Quote from: Nephew Twiddleton on April 17, 2012, 08:33:29 PM
Quote from: Doktor Howl on April 17, 2012, 07:51:07 PM
Discordia, to me, is an excuse.  THE excuse.  The rationalization I need for all the broken glass in my head, and the disgusting things that go on in my pance.  It is the justification for my bare face hanging out, for standing upright in a world full of monkeys.  It is the defense for my ungodly howling and RUDE BEHAVIOR. 

Discordia makes me look like a harmless nut - when people realize that I'm different in the first place - and in either case, it helps me hide my true motives until it's too late.  It makes people think IT'S ALL A JOKE, HO HO HO!  OH, THAT DOKTOR!  SO FUNNAY, WHEN HE MAKES JOKES ABOUT WHAT HE'S GONNA DO!

Discordia is my mask.  A jester's mask.  Don't worry, I'm only JOKING.  HAW HAW HAW!

Actually, that's pretty interesting. Like hiding out in the open.

Discordians? Haha, oh right, that's one of them nerd joke religions. Never mind this guy.
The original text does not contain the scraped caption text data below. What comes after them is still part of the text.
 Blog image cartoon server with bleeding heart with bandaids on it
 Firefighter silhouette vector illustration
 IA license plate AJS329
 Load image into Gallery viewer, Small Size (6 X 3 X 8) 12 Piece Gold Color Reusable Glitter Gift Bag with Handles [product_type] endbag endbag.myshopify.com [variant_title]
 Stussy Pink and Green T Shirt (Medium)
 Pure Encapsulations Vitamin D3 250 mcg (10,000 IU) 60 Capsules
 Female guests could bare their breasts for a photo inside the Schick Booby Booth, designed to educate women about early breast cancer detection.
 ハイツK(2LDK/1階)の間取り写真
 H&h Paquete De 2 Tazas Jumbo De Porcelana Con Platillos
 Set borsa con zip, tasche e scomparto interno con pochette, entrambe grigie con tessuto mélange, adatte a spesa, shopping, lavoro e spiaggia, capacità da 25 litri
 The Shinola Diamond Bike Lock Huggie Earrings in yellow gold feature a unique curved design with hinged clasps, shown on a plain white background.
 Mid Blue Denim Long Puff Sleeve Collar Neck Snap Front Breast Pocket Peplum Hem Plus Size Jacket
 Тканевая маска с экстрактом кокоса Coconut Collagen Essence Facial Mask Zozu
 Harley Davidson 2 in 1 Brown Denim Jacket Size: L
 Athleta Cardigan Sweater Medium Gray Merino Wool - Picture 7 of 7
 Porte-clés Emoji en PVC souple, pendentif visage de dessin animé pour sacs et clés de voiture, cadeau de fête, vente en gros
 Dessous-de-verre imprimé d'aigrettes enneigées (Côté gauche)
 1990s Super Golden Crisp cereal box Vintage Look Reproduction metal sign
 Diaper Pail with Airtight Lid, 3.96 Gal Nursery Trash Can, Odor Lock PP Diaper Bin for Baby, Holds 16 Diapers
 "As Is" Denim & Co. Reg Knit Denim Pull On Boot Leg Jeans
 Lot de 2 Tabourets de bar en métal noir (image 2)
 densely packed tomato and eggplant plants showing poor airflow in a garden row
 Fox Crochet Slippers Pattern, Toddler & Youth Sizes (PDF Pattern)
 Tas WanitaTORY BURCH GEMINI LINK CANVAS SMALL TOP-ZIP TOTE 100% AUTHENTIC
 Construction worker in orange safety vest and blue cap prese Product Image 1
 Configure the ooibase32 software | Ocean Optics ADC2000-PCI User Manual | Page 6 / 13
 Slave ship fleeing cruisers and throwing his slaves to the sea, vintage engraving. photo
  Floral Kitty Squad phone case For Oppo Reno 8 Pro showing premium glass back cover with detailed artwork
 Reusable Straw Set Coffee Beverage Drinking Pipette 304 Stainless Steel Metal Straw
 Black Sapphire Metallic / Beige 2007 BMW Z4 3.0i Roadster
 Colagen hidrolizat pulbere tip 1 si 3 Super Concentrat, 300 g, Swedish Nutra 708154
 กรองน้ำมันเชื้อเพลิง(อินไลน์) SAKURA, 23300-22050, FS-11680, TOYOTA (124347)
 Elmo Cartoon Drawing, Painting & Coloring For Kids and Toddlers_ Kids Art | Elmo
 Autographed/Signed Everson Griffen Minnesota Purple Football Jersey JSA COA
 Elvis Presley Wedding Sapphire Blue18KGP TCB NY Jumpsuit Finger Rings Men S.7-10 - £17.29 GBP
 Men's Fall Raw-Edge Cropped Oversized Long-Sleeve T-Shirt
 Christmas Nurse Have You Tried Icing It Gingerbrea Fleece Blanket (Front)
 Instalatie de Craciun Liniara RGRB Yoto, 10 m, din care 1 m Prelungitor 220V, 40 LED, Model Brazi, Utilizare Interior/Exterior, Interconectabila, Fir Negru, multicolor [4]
Hmmm.

I think the only member of my family that has it figured out is my father.  And TGG, of course.
Molon Lube

Nephew Twiddleton

Quote from: Doktor Howl on April 17, 2012, 08:48:26 PM
Quote from: Nephew Twiddleton on April 17, 2012, 08:33:29 PM
Quote from: Doktor Howl on April 17, 2012, 07:51:07 PM
Discordia, to me, is an excuse.  THE excuse.  The rationalization I need for all the broken glass in my head, and the disgusting things that go on in my pance.  It is the justification for my bare face hanging out, for standing upright in a world full of monkeys.  It is the defense for my ungodly howling and RUDE BEHAVIOR. 

Discordia makes me look like a harmless nut - when people realize that I'm different in the first place - and in either case, it helps me hide my true motives until it's too late.  It makes people think IT'S ALL A JOKE, HO HO HO!  OH, THAT DOKTOR!  SO FUNNAY, WHEN HE MAKES JOKES ABOUT WHAT HE'S GONNA DO!

Discordia is my mask.  A jester's mask.  Don't worry, I'm only JOKING.  HAW HAW HAW!

Actually, that's pretty interesting. Like hiding out in the open.

Discordians? Haha, oh right, that's one of them nerd joke religions. Never mind this guy. Hmmm.

I think the only member of my family that has it figured out is my father.  And TGG, of course.

With me it's more of an "okay. Kevin's always been an odd one anyway."
Strange and Terrible Organ Laminator of Yesterday's Heavy Scene
Sentence or sentence fragment pending

Soy El Vaquero Peludo de Oro

TIM AM I, PRIMARY OF THE EXTRA-ATMOSPHERIC SIMIANS

Doktor Howl

Think of it as a Segway with bad gyros.  On my left shoulder, I have TGG, Enabler, Maria, Nigel, and Knuckles, all bouncing up and down and going WHEEEEEEEEEEEEE!

There's nobody on the right shoulder...My son found his own desert to live in, some buggered off in a cloud of butthurt, some moved away, etc.  So off we go, into oncoming traffic.